Дон Массимо развел руками – дескать, ничего не попишешь, такова реальность, – и замолчал, ожидая, как прокомментирует это известие Аглиотти. Никто не спрашивал Доминика, согласен он или нет с принятым в верхах решением, – мнение Тремито и прочих головорезов в подобных геополитических вопросах отродясь не учитывалось. Но несмотря на свою показную беспардонность, Щеголь не переступал рамок приличия и умел быть дипломатичным, когда требовалось расположить к себе собеседника.

Аглиотти плеснул себе еще вина, равнодушно посмотрел, как оно искрится на свету, и только потом заговорил:

– Не Тремито судить, правильное это было решение или нет, синьор де Карнерри, и во что вы со временем превратите Трезубец: в Рогатину, а возможно, и в Пику, учитывая, что я не вижу здесь дона Франко. Я всю жизнь служил семье Сальвини, и если теперь она и семья де Карнерри – суть единое целое, что ж… Я только рад. Никому из нас больше не нужны все эти войны, разве не так? В последней из них вы потеряли отца и брата, дон Дарио – троих сыновей, и у дона Франко погибло немало родственников. Я тоже заплатил достаточно высокую цену за пролитую мной чужую кровь. По-моему, этого вполне хватит, чтобы понять – политика войны не выгодна для успешного ведения дел. Ситуация, в которой мы сегодня очутились, – прямое следствие Тотальной Мясорубки, от которой наши семьи оправятся еще очень не скоро… Однако мне послышалось, или вы и впрямь сказали, что дон Сальвини погиб, а не умер?
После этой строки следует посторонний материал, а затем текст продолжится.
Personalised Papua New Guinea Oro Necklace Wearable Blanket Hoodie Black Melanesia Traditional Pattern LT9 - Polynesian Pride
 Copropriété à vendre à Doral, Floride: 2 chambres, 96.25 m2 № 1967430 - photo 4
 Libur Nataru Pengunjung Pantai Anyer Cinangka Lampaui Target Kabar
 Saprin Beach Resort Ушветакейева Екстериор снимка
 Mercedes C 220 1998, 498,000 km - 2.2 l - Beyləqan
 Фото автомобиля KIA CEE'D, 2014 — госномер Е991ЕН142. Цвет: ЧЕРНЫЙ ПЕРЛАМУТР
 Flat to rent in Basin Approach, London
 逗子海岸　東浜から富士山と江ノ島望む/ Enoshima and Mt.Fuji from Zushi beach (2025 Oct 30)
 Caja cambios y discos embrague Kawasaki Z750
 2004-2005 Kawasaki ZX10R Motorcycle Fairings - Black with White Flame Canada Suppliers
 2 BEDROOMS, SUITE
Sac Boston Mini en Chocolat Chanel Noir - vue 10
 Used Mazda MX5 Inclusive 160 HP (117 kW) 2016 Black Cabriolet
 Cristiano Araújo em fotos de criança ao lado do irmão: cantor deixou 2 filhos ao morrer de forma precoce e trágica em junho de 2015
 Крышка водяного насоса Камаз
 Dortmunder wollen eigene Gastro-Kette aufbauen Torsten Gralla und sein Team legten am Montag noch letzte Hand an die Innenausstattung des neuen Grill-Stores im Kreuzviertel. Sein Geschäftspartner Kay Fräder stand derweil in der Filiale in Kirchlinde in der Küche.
– Совершенно верно, Тремито, – согласился Щеголь. – Твой благодетель действительно был убит во время виртуальной конференции. Как, впрочем, и все мы погибли в тот день в квадрате Палермо от пуль какой-то психованной, давно не траханной cagnetta . Мнемозапись о ее подвиге уже вовсю гуляет по Менталиберту! Cazza roba ! – Массимо нервно всплеснул руками, едва не уронив стоящий перед ним недопитый бокал. – Да, Тремито, это так! Вот только я и Франко, получив по дюжине пуль, отключились от М-эфира и теперь живы-здоровы, а слабое сердце бедняги Дарио не выдержало потрясения и остановилось! Знаешь, когда тебя дырявят из автомата в виртуальном мире, ощущения ненамного отличаются от тех, что ты переживаешь в реальности. Хоть мир и ненастоящий, а ведь больно, да еще как, черт возьми! Если кто из нас и должен был тогда умереть, то это старик Барберино, но никак не Дарио! Пресвятая дева Мария, упокой его благородную душу!

Де Карнерри воздел глаза к небу и перекрестился.

– О какой психованной сучке вы говорите? – переспросил Аглиотти. – И что вообще произошло с вами в Менталиберте? Наверное, вы можете поделиться со мной этой тайной, раз она уже облетела весь М-эфир.

– Да, теперь подробности нашей виртуальной гибели склоняют все, кому не лень, – тяжко вздохнул Массимо. – Сказать по правде, мы даже не уверены, была ли это настоящая девка, или же над нами поглумился какой-нибудь педик, напяливший М-дубль с figa и сиськами. Говорят, в этом проклятом ментальном пространстве каждый третий пользователь – с замашками трансвестита. Единственное, что мы пока выведали из той записи о настоящей личности убийцы: она или он ругается по-испански. Не бог весть какая зацепка, но может вполне статься, что это – родной язык девицы с автоматом. Раз уж ты решил разозлить наших парней, почему не переключил переводчик М-дубля на итальянский? Забыл в горячке? Не факт, но на правду похоже…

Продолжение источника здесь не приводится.